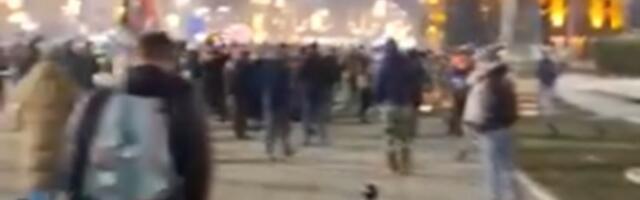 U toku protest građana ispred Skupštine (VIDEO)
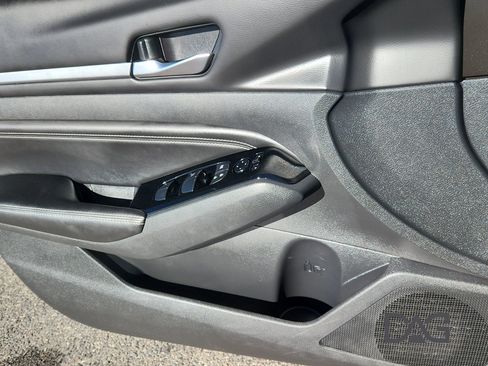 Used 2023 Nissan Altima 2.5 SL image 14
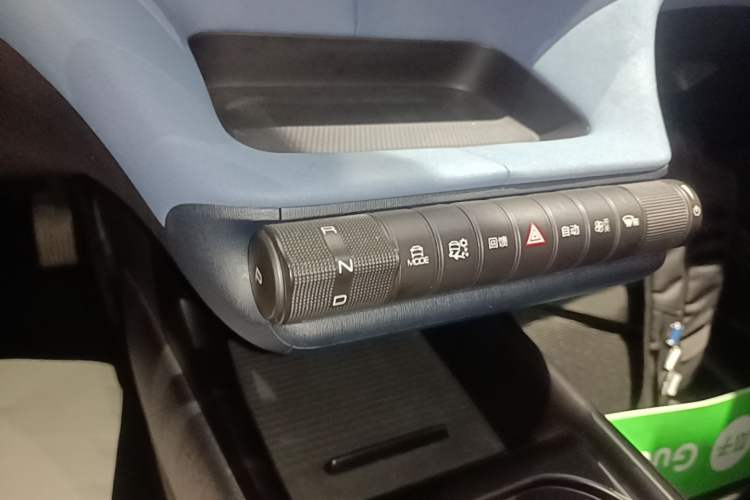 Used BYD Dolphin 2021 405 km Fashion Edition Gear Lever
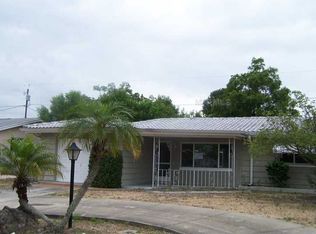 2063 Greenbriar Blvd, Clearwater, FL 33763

▸ **Assignment**: Print nothing except the lines from the one with "Used BYD Dolphin" through the last line of the listing, exactly as written and with pictures removed.

▸ **Written response**:
 Used BYD Dolphin 2021 405 km Fashion Edition Gear Lever
 2063 Greenbriar Blvd, Clearwater, FL 33763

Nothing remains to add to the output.